Irembo c’est d’abord un lancement avec à peine cinq services en ligne, le service en compte 310 aujourd’hui et devrait en proposer plus de 400 en 2020. Il est aussi utilisé par plus de 5.000 personnes chaque jour, mais est surtout gérés principalement par des étudiants qui ont pour rôle d’aiguiller les utilisateurs afin d’optimiser les Coûts. Enfin, ce digital store gouvernemental doit pouvoir répondre in fine à tous les besoins administratifs des particuliers et des entreprises.
Pays enclavé et pauvre et qui de plus est sort d’une guerre civile particulièrement génocidaire, le Rwanda ne dispose ni de façades océaniques, ni de ressources naturelles comme certains de ses voisins. Il a fallu donc miser sur d'autres moyens pour porter la croissance et séduire les investisseurs, les nouvelles technologies sont un exemple. Sur cela, Kigali prend exemple sur Singapour, l'Etat encourage toutes les initiatives, via des plans quinquennaux. Ordre, sécurité et environnement économique sont le triptyque qui portera le pays a devenir le plus «business friendly» du continent selon la Banque mondiale.
D’ailleurs, dès 2013, la société américaine Visa a fait du Rwanda son atelier beta du paiement mobile en Afrique, la société, leader mondial du paiement dématérialisé a lancé un système compatible avec tous les opérateurs du pays et vise une dématérialisation totale des paiements à l’horizon 2025 et ce sans pour autant dépendre du taux de bancarisation, il suffit d’un smartphone et d’un réseau, d’autant plus que grâce au système USSD, n’importe quelles données peuvent être transformées et envoyées par SMS. Même sans forfait data actif, n’importe quel service peut rester accessible.

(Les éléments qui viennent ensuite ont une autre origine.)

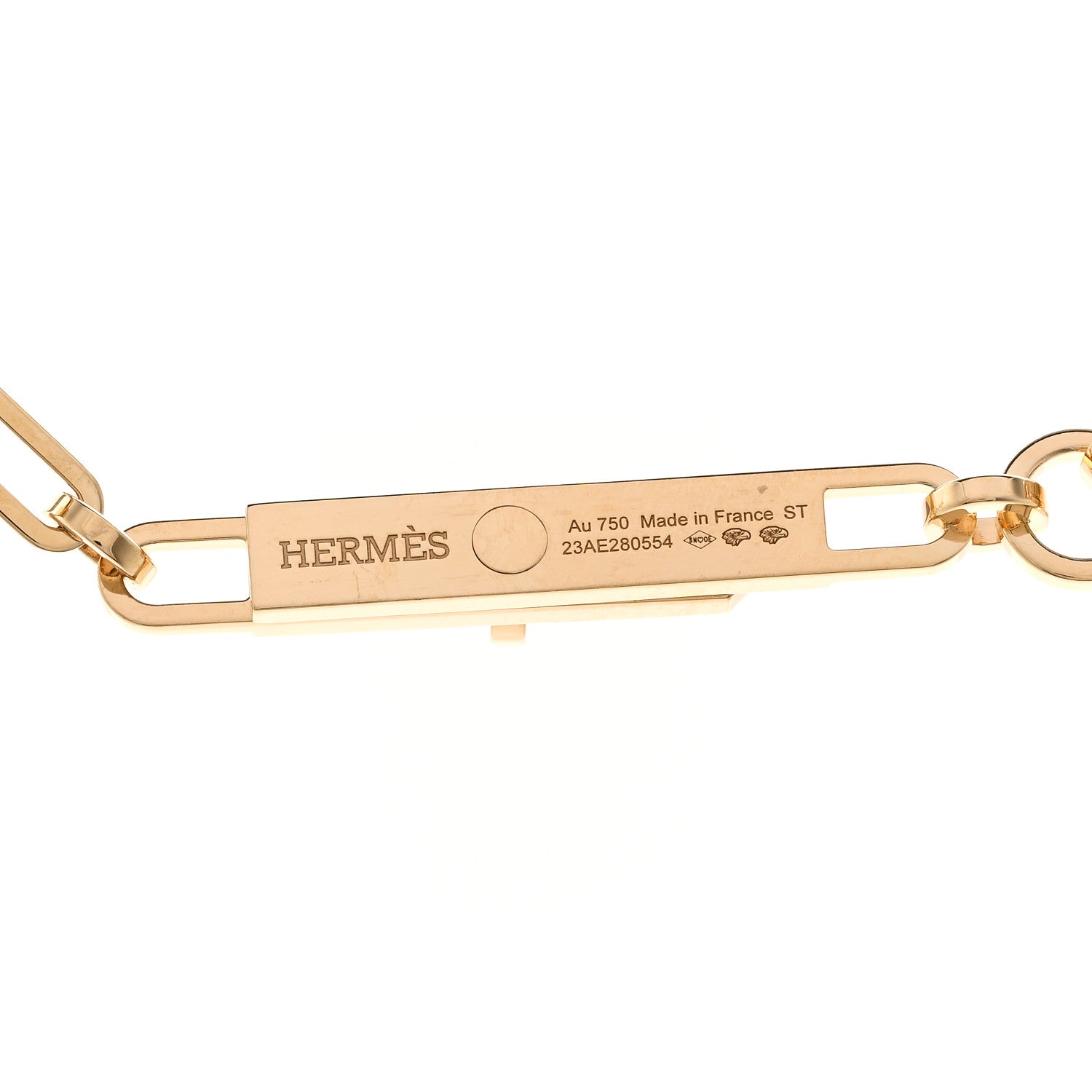 Hermes 18K Yellow Gold Diamond Pave PM Kelly Chaine Lariat Necklace ST 4 of 5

Et si de plus en plus de d’entrepreneurs dans le monde du digital s’orientent vers le Rwanda pour démarrer leur activité, c’est que pour créer leur société, il leur suffit de quelques heures et quelques clics. Cette efficacité administrative couplé au très faible niveau de corruption (grâce encore à une digitalisation accrue des services administratifs) fait du pays un véritable laboratoire de test à ciel ouvert pour toutes les initiatives entrepreneuriales voulant se projeter après dans le continent africain.
Moralité, s’il en existe une pour notre pays, est que la transformation digitale doit d’abord faciliter la création de richesse (l’entreprenariat) avant de faciliter et encourager sa taxation.